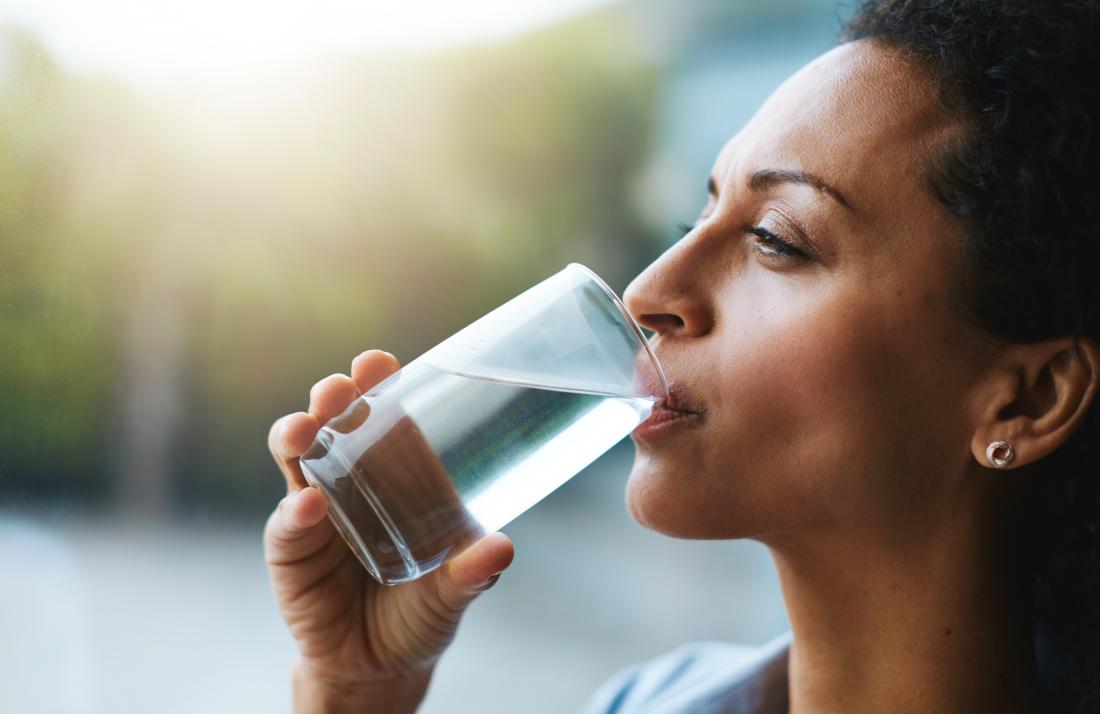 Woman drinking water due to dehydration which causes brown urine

--

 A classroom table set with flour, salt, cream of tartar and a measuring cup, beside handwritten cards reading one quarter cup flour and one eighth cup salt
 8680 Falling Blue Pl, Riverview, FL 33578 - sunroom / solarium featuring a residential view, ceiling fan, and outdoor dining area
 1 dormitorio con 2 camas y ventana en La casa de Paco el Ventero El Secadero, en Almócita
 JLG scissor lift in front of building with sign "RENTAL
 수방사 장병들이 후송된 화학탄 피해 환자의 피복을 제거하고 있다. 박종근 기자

* [YOUR INSTRUCTIONS]
Scan the data above and copy each line containing the word "with".

* [TASK OUTPUT]
 A classroom table set with flour, salt, cream of tartar and a measuring cup, beside handwritten cards reading one quarter cup flour and one eighth cup salt
 JLG scissor lift in front of building with sign "RENTAL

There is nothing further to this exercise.